Время альманахов — это всегда период литературных поисков, появления новых поколений, они заявляют о себе хором. Это было и во времена «Полярной звезды». Это было и во времена альманахов пушкинской поры, первых, это было и во времена «Петербургских сборников» Некрасова, и во время «Литературной Москвы», когда оттепельная литература стала объединяться и о себе заявлять, и во времена альманаха «Зеркала», который собирал Мальгин [Лаврин]. Почему? Зачем это? Потому что, во-первых, генерация литературная всегда держится вместе, ей так легче. А во-вторых, это появление школы новой. И эта школа была в «Литературной Москве».
Понимаете, мне хотелось бы развеять одно довольно наивное заблуждение (наивное, но стойкое), что это была школа половинчатой свободы, дозволенной свободы, что это была свобода в отведённых рамках. Пошло это от Пастернака, умевшего припечатать. Они попросили у него что-нибудь — он дал им «Доктора», который один занял бы две трети нового выпуска. Но дело было не в объёмах. Подумаешь, напечатали бы они этот объём. Но Казакевич дал ему понять, что это никакая цензура не пропустит. На что Пастернак сказал: «Всё дозволенное уже напечатано. Пора печатать недозволенное».

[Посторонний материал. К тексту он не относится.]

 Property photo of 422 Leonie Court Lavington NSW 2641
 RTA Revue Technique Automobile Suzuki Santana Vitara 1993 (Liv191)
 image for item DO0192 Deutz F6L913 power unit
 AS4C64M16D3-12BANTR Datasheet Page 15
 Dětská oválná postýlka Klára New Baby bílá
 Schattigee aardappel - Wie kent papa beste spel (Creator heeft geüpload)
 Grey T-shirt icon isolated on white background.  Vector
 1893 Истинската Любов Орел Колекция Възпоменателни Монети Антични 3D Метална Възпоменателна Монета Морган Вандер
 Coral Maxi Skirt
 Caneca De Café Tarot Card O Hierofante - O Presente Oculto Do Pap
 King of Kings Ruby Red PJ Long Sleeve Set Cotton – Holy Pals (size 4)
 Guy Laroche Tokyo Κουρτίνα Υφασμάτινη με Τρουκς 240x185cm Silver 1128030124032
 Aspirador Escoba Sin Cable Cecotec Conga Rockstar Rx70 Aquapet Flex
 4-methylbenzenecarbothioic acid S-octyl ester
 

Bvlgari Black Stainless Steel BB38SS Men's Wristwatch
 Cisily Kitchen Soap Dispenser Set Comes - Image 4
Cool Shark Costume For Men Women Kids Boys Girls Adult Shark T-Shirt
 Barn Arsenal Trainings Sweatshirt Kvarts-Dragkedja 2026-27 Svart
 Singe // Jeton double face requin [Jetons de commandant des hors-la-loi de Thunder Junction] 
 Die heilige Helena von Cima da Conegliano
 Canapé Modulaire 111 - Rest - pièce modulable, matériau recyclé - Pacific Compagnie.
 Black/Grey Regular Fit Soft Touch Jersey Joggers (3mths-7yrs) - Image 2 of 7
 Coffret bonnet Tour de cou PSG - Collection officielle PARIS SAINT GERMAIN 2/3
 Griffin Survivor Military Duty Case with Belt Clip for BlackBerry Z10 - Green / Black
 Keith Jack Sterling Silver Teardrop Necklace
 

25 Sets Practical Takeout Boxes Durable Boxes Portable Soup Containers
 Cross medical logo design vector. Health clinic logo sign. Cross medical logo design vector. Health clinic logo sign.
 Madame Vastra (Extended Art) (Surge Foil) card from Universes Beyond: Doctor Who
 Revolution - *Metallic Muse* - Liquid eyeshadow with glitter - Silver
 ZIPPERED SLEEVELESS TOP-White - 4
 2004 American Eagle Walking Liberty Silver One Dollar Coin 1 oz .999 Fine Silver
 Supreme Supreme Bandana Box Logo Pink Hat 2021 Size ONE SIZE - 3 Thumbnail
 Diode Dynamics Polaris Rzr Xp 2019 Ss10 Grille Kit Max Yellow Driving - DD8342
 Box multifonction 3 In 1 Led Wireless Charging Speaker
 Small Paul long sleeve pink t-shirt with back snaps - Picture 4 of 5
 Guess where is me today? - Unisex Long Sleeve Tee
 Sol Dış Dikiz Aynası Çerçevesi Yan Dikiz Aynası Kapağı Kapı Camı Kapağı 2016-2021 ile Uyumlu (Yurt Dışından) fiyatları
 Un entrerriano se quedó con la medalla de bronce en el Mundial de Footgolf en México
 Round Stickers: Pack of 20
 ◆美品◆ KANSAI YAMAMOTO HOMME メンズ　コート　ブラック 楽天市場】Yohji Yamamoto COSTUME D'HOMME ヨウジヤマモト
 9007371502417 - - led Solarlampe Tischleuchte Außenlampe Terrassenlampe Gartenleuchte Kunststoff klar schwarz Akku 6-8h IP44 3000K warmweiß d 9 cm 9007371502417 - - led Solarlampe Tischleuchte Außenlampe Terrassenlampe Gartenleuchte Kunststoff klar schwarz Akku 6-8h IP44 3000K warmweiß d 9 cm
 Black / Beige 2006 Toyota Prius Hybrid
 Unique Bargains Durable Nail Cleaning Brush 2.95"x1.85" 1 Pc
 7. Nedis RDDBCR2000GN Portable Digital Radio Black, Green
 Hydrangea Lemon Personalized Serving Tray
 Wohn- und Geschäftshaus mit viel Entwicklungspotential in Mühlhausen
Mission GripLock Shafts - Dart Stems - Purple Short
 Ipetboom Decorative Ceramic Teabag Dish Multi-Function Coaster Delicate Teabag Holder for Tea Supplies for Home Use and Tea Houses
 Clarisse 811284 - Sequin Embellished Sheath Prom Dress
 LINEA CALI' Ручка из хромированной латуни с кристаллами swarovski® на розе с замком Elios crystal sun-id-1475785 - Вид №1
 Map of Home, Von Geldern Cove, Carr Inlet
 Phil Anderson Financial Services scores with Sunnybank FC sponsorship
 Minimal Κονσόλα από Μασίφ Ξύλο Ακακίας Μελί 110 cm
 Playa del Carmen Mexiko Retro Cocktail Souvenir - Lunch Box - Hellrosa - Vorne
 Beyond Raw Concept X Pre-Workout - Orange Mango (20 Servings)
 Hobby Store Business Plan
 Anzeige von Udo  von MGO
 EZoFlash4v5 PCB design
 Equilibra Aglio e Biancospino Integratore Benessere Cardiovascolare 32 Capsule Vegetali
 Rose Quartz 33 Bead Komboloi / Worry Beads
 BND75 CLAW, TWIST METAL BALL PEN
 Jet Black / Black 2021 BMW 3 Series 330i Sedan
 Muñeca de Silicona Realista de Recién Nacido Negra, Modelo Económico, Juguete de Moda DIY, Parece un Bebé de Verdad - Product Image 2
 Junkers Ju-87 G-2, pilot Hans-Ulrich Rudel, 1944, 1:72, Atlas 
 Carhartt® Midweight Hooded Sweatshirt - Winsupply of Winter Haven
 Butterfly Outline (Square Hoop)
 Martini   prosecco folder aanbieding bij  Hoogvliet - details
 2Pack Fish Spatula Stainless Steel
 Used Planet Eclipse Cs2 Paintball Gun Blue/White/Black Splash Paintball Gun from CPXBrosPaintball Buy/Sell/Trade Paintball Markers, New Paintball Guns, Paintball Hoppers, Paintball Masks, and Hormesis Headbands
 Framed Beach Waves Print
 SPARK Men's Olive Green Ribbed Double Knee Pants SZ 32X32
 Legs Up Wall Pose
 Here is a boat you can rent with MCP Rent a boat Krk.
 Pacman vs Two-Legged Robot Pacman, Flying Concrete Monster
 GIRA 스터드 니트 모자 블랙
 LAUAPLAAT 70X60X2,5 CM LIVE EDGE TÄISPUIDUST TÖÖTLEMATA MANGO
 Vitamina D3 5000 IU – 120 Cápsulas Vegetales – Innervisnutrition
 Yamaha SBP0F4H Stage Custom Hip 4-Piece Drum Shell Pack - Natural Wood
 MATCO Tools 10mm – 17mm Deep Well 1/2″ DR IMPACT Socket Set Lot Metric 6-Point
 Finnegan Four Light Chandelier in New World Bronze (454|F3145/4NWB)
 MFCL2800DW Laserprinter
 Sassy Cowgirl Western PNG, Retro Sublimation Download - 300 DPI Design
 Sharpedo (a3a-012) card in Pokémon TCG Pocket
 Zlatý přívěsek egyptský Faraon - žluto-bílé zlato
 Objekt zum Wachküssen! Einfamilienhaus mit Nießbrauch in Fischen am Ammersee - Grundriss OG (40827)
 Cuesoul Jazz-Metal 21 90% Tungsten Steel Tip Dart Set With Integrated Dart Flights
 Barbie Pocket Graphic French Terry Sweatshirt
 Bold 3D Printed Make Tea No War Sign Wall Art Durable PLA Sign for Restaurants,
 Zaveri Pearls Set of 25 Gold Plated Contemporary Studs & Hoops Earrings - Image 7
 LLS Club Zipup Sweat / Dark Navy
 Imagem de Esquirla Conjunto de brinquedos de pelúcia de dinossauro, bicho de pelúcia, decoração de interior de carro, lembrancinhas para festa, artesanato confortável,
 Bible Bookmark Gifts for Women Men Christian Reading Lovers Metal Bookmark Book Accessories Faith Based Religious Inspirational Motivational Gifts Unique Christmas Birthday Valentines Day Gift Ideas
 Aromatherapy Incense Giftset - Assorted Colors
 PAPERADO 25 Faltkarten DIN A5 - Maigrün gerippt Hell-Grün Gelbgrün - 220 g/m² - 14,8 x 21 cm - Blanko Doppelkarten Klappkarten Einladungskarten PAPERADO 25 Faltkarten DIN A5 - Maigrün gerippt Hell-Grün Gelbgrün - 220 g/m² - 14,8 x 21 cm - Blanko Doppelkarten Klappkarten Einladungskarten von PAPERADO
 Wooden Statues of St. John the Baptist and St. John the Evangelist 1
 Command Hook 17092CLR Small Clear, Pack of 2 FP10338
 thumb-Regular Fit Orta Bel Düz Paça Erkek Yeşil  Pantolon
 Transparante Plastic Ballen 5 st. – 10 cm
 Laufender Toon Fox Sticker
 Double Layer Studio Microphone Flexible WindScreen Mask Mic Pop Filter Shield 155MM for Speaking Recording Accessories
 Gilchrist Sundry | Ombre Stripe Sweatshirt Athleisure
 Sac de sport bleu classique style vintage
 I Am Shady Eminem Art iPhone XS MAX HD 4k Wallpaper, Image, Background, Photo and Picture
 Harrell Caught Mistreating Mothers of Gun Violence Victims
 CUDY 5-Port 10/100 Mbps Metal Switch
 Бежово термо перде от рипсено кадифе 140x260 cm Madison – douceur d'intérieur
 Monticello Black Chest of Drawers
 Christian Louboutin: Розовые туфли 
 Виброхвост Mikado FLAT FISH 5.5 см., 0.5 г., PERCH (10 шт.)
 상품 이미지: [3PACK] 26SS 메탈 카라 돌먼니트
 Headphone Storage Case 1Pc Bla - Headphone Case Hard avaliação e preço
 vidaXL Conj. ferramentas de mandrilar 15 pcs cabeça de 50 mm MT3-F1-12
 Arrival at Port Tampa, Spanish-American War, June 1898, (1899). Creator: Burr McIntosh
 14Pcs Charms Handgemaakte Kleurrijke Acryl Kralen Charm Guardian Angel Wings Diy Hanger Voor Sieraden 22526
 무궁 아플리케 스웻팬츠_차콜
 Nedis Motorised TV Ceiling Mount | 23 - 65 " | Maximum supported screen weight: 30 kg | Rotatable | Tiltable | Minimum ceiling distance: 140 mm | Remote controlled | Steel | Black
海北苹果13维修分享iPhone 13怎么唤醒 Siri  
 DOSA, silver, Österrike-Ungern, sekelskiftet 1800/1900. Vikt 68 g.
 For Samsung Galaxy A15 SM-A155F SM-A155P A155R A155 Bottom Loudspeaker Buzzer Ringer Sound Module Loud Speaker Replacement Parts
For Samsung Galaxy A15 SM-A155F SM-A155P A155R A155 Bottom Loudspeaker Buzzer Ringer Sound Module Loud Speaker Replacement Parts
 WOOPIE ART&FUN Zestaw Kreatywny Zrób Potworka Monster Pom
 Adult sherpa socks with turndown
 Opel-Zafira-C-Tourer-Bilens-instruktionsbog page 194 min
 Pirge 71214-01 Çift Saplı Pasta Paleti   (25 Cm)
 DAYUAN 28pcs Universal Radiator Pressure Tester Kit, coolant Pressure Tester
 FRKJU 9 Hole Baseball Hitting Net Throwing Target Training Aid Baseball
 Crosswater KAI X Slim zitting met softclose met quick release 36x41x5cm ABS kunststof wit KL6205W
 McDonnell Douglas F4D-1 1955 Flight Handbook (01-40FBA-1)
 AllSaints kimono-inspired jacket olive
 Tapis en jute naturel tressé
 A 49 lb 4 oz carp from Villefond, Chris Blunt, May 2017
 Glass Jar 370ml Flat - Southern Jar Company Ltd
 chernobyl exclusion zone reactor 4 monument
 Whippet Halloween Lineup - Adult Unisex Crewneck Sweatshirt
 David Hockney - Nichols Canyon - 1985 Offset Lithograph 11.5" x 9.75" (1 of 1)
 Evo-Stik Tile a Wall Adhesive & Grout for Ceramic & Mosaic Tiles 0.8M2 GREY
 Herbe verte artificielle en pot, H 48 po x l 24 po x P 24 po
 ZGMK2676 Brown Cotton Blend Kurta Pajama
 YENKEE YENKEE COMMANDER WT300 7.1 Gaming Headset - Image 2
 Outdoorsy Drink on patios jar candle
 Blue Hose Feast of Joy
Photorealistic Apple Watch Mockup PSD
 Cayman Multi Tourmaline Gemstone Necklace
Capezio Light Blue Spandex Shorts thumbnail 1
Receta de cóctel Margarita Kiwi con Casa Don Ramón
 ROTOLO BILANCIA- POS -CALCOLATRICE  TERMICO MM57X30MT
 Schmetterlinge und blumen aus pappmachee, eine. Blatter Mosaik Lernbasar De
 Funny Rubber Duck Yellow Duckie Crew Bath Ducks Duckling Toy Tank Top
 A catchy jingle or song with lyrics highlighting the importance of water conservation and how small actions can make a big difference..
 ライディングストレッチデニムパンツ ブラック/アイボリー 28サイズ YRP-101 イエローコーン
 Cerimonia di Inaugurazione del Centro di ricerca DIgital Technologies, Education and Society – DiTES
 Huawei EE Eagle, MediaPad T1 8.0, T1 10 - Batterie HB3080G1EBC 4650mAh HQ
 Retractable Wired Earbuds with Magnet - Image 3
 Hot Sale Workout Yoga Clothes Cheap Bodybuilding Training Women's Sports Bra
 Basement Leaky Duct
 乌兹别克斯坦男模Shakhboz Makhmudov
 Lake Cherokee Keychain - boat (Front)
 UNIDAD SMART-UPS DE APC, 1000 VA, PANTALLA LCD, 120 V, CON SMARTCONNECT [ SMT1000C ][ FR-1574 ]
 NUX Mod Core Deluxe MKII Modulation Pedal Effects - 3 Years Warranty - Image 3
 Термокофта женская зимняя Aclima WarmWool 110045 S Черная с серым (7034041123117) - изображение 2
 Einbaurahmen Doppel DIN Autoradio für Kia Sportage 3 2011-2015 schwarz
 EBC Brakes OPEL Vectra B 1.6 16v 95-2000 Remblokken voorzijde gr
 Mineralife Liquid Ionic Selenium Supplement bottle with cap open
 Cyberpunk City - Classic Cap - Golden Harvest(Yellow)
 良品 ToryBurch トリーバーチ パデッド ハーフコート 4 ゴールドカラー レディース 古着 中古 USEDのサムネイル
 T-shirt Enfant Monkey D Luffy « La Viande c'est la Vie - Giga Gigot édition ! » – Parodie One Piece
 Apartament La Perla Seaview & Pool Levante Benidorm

Он был в своём праве. И как человек, доработавшийся, дописавшийся до высших проявлений творческой свободы, он имел моральное право так сказать Казакевичу, потому что для него вся эта борьба за легальность, которую вели Алигер, Казакевич, в каком-то смысле Ариадна Эфрон, для него это всё… Хотя Ариадна-то просто добивалась публикации текстов матери, вот этим исчерпывались её задачи. Но вся борьба этих людей (Каверина, Казакевича и Алигер, допустим) с цензурой — она для Пастернака была позади. Он перешагнул уже, он уже существовал поверх барьеров, а для литературы пятидесятых годов это был вопрос жизни и смерти.
И мне кажется, что радикальная новизна альманахов «Литературная Москва» — пример текста Яшина «Рычаги», который сломал ему судьбу навеки, десятистраничный рассказ. Я думаю, что эта новизна была более сильной и более ошеломляющей, чем новизна шестидесятых годов, потому что оттепель шестидесятых — она ведь тоже была довольно неглубока. И самое главное, что основ советского вот эта оттепель шестидесятых по большому счету не затрагивала. За советское вышагивали только очень немногие — такие как Окуджава, человек невероятной глубины, такие как Трифонов,— а для большинства социалистические идеалы оставались совершенно незыблемыми.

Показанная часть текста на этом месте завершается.